My client married a very wealthy man—a millionaire several times over. His personal holdings include several companies, residential and commercial real estate, luxury automobiles, and various other “toys.” This man has used his wealth to hire a legion of lawyers—experts in divorce, commercial litigation, tax law, and appeals. He is the proverbial 800-pound gorilla in the courtroom. But, what my client lacks in resources, she more than makes up for in tenacity, fortitude, and a never-ending desire for justice.
From this case—and many others like it—I have learned a few basic rules:
1. High-stakes divorces are like tactical military operations. The element of surprise is key. You must move quickly and quietly. Rather than threaten divorce you must file for divorce. This is a race to the courthouse.
2. Litigate before you mediate. Most high-stakes divorces end in settlement. The parties do not want their personal lives aired out in public and they do not want to spend millions in attorney’s fees. But don’t forget that the fear of public scrutiny and expensive attorneys will incentivize the parties to seriously negotiate. Use this to your advantage.
3. Shock and awe is the key to success. The 800-pound gorilla’s biggest weakness is his sense of complete power and control. Take that away, and you will cripple him. Injunctions and other equitable measures will quickly help you level the playing field. And, it will move the parties closer to settlement.

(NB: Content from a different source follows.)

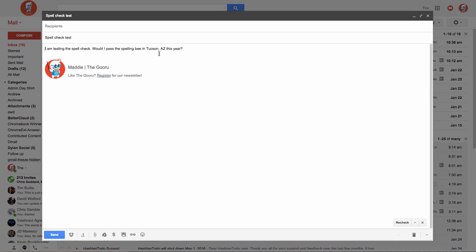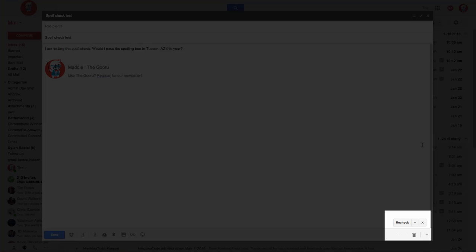If you don't agree with the spellcheck, you can just select Ignore from the dropdown. If I decide to add more text to my message and want to check my spelling again, I'll go back to the bottom right corner of my message and select Recheck.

4. Control the storyline. You need to have a compelling story, you need to sell that story to your audience, and you need to tell it often. If you do not control the storyline, you do not control the case.
5. Feel your client’s pain. Any lawyer who tells you that they do not take their client’s cases personally should not be allowed inside a courtroom. When I get up in court, I am my client. I feel her anguish, her stress, and her fear. I will pound on the table, I will raise my voice, and I will project my client’s emotions. You will not be an effective advocate if there is an emotional wall between you and your client.
Learn to apply these simple rules and the gorilla will run in fear.